Updated: Mar 22
For many, the horrors of the Balkan civil wars came from their violence. But, what of the relationship of the key players to the power they suddenly acquired and what they did with it?
It would be easy to criticise "the international community" for its failings in trying to halt the bloodshed, as former Yugoslavia fell so violently apart. The United Nations, NATO, the European Union, all of these powerful, membership organisations failed (sometimes at the same time) to intervene in meaningful ways to halt the conflict.
Thus, 1992 saw the United Nations Vance Plan and the UN sanctions imposed on FYI Yugoslavia, then in 1994 the US arbitrated peace treaty between Bosniaks and Croats failed to stop the violence, as did 1995’s UN (indeed, NATO’s) actions to halt the Srebrenica massacre. In the same year, NATO airstrikes on Bosnian Serb artillery were largely ineffectual (though the Dayton Agreement had rather more success in curtailing the bloodshed), while 1999’s NATO military campaign in Kosovo, Operation Allied Force and the UN’s taking over control of Kosovo had more if mixed results.
It can also be argued that it was only the (perhaps initially hesitant) action taken by US president Bill Clinton that finally brought the bloodletting to an end, in 1999, with the [NATO implemented] bombing of Belgrade and who earlier, with the signing of the Daytona Agreement, which played the critical role in the ending of the war in Bosnia Herzegovina.
But, is such a reading of history either accurate or, perhaps, more importantly, fair on those political players, as above, who did attempt to intervene, but who ultimately failed to stop the fighting in former Yugoslavia, or, is it the case that the violence could only have been stopped once the forces of history were spent and the violent unfreezing of the country following the break-up of communist-dominated Eastern Europe had run its course?
There can be little doubt that the speed and ferociousness of the violence that erupted in Slovenia in 1991 shocked all those looking on, who wanted the fighting to come to an end. The battles over Dubrovnik, Karlovac and Osijek, followed by the struggle over Mostar and the siege of Sarajevo, revealed the inability of western diplomacy and collective military intervention, principled as both were on the lessons learned from 50 years of Cold War. But what is also the case, is that personalities matter in politics, then and now and as they did at the closing stages of the Balkan wars and at their beginning. For, without the determination of Slobodan Milošević to shape the unfolding events of the early 1990s, war would not have followed war in former Yugoslavia.
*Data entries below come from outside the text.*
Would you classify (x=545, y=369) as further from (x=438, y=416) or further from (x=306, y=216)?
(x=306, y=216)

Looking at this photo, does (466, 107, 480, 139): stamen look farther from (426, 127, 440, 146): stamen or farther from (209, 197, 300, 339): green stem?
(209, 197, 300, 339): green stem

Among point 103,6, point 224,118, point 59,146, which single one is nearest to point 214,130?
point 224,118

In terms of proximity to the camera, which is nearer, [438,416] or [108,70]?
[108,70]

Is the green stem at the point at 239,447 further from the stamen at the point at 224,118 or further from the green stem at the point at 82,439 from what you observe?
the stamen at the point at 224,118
Individuals (and their followers) matter in shaping events, as much as markets and market forces.
Francis Fukuyama would talk in his book The End of History and the Last Man in 1992 of the end of history and, almost by association, the end of major political power players as they are brought to heel by the all-conquering forced of free-market capitalism and western liberalism.
About which he would be proved wrong in the furnace of former Yugoslavia.
Players matter in politics. As they do in war(s).